**Your instructions**
Could you reproduce every entry as it stands, leaving the pictures behind?

Image-text web data:
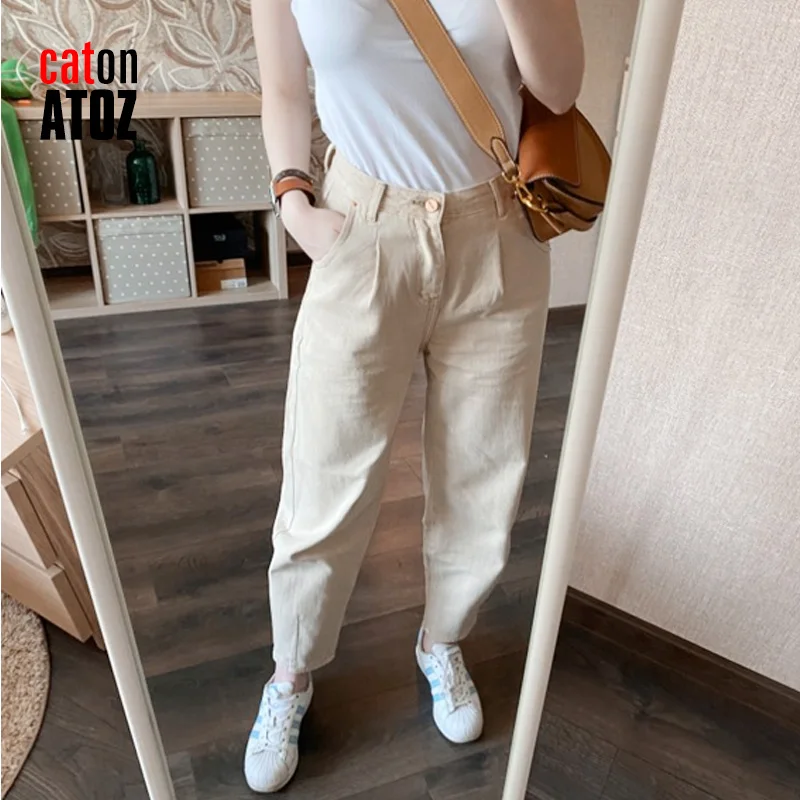 catonATOZ 2248 Y2K Khaki Women\'s Cargo Pants High Waist Loose Trousers Female Casual Streetwear baggy Jeans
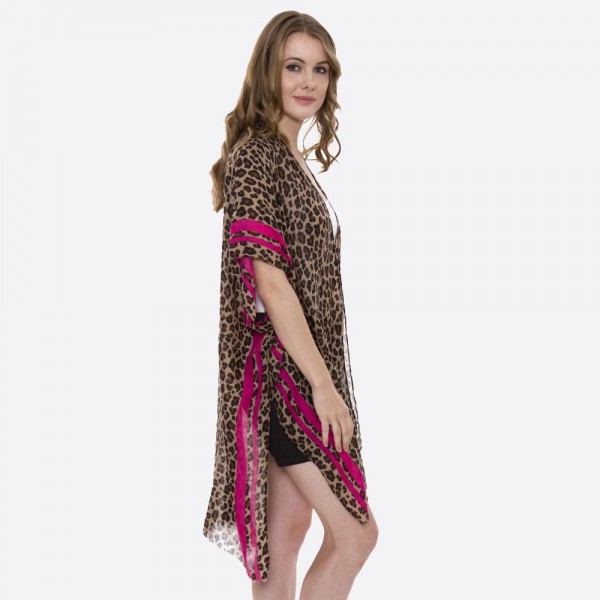 Women's Lightweight Sheer Leopard Print Stripe Kimono.

- One size fits most 0-14
- Approximately 35" L
- 80% Viscose / 20% Cotton 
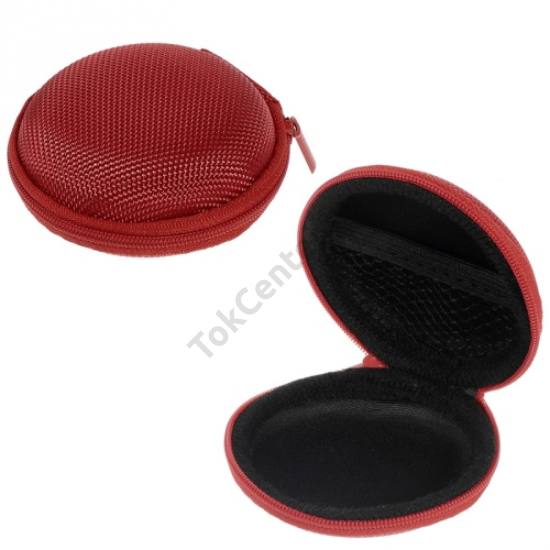 Tok textil, cipzáras (fülhallgató/james bond, 80 x 30 mm) PIROS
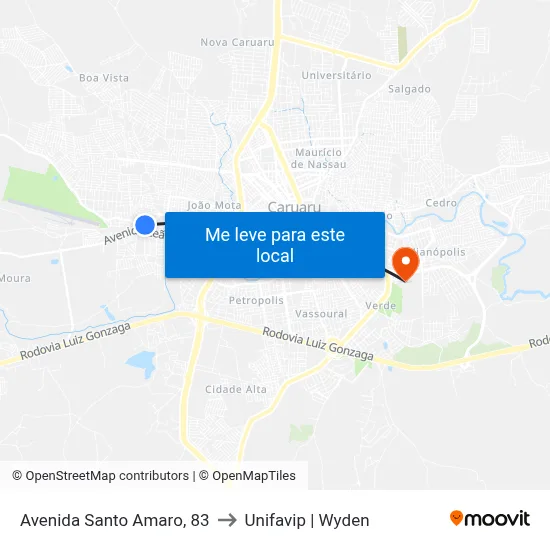 Avenida Santo Amaro, 83 to Unifavip | Wyden map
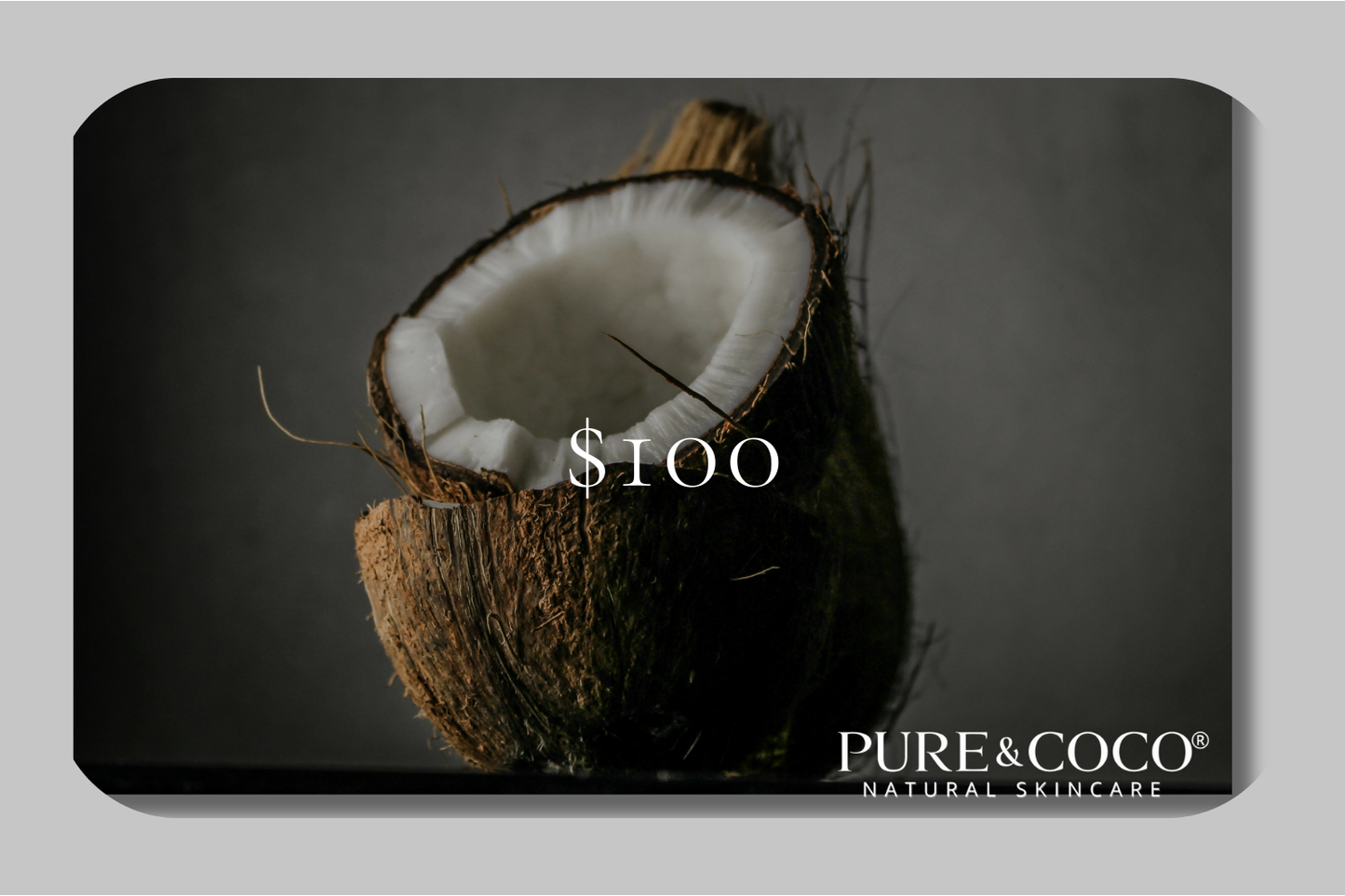 cracked fresh coconut shells_natural skincare_100 dollar gift card_pure and coco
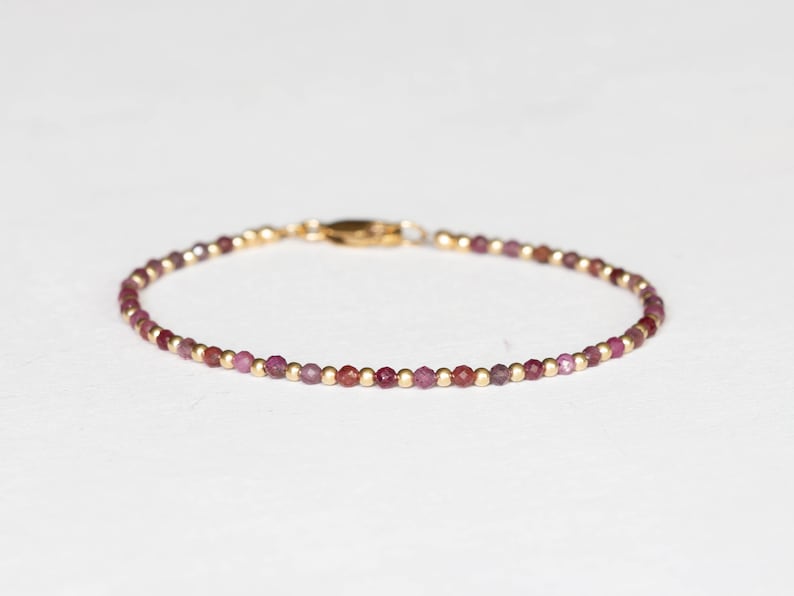 Dainty Ruby Bracelet, Sterling Silver or Rose Gold Filled, Delicate July Birthstone Stacking Jewelry, Single or Set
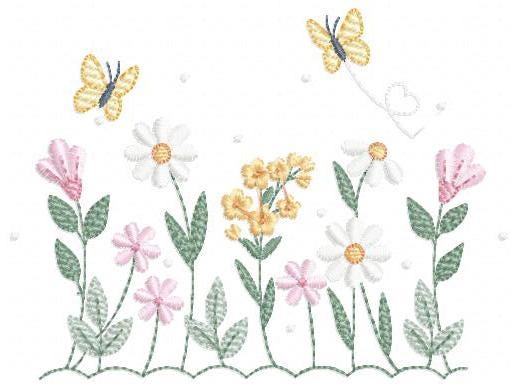 Flower garden embroidery design - Tulip flowers with butterflies machine embroidery pattern - Kitchen Tea towel divider - Instant download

**Solution to the problem**
 catonATOZ 2248 Y2K Khaki Women\'s Cargo Pants High Waist Loose Trousers Female Casual Streetwear baggy Jeans
 Women's Lightweight Sheer Leopard Print Stripe Kimono.

- One size fits most 0-14
- Approximately 35" L
- 80% Viscose / 20% Cotton 
 Tok textil, cipzáras (fülhallgató/james bond, 80 x 30 mm) PIROS
 Avenida Santo Amaro, 83 to Unifavip | Wyden map
 cracked fresh coconut shells_natural skincare_100 dollar gift card_pure and coco
 Dainty Ruby Bracelet, Sterling Silver or Rose Gold Filled, Delicate July Birthstone Stacking Jewelry, Single or Set
 Flower garden embroidery design - Tulip flowers with butterflies machine embroidery pattern - Kitchen Tea towel divider - Instant download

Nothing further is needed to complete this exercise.